Here, the artist discusses what’s next, her latest musical inspirations, and her shifting perspective on “cheesy” love songs. Plus, she shares the one person she’s dying to meet at the Grammys this year.

Scott Kirkland/Disney General Entertainment Content/Getty Images

Elite Daily: I know you and Chase just celebrated your first anniversary — congrats! You captioned your Instagram about the milestone, “thanks for making me write love songs.” Generally speaking, is that a way you like to process emotions?

Kelsea Ballerini: Oh, yeah. Songwriting is word vomit to me. Then, you can go back and edit if you want to. But I didn't [go back and edit] with Welcome Mat, so I kind of don't want to do that anymore. There's something really pure and beautiful about it not being perfect — like the rhyme not exactly matching up or the second verse being completely different than the first.

That's what felt right on Welcome Mat. So, I'm really challenging myself to not play by any rules right now. For example, a rule that I used to have for myself was thinking that love songs were so cheesy and repetitive. I'm really challenging myself on that now.

ED: Now that you have this new perspective on love songs, what's your favorite one to feel seen by?

KB: “Nobody Gets Me” by SZA. Of course, it's SZA.

If I meet [SZA] at the Grammys, goodbye. RIP to me.

ED: You’ve experimented with shifting the tone in your music before. For example, Rolling Up The Welcome Mat (For Good) featured more hopeful versions of your iconic tracks, like “Penthouse (Healed Version).” What was it like starting on an entirely new project after that EP’s success?

KB: It took me a minute to start writing again after Welcome Mat because that album really transcended music that I've made before. It challenged me to figure out why the hell that record worked the way it did. What I learned was that I shared a level of emotional intimacy and true detail in that album. I made it about my life. I didn't round the edges or cut the corners.
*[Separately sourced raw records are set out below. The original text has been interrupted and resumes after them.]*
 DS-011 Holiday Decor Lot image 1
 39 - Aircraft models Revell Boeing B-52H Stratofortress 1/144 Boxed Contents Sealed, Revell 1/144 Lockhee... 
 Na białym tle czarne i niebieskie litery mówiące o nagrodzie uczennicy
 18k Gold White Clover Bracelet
It's been really fun to now take that level of detail and put it to this season of my life about a whole different chapter. I think this new album is much more emotionally complex and mature than anything I put out before. I'm excited.

Astrida Valigorsky/WireImage/Getty Images

ED: You just mentioned Welcome Mat’s “emotional intimacy.” What’s it like to have that connection with people you’ve never met — people who cry to your music and mourn relationships while listening to your songs?
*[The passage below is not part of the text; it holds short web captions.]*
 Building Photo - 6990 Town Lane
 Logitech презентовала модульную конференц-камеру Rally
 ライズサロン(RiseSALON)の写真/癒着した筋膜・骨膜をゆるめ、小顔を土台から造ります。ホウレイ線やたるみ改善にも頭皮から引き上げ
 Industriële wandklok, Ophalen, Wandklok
KB: Starting out, my first two singles, “Love Me Like You Mean It” and “Dibs,” were very happy-go-lucky. They were flirty and fun. My third single was a song called “Peter Pan.” It was about a breakup — about being hurt and being disappointed.

I was 21 or 22, and I remember the conversations at meet-and-greets changing. They went from “Oh my God, ‘Dibs’ is me and my boyfriend's song” to “This song made me feel like I wasn't alone in feeling heartbroken by a boy.”
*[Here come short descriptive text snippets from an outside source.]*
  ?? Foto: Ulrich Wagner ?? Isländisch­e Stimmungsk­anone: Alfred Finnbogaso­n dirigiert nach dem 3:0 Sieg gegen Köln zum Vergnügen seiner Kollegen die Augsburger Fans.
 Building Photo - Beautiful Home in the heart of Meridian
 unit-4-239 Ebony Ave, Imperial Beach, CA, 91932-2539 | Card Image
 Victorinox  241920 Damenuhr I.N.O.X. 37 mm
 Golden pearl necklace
I remember feeling that shift and thinking I needed to make more music that had that effect. Obviously, I want to have happy songs, too. But the connection that “Peter Pan” showed me is what I've been chasing ever since.

ED: What kinds of themes are inspiring you right now musically?

KB: I'm listening to everything right now, especially because I'm making a record. I'm listening to a lot of lo-fi. I'm listening to Noah Kahan, Post Malone, and the new Chris Stapleton record. SOS by SZA is a record I'll never stop listening to. We'll talk in 10 years, and I'll still be talking about it. If I meet her at the Grammys, goodbye. RIP to me.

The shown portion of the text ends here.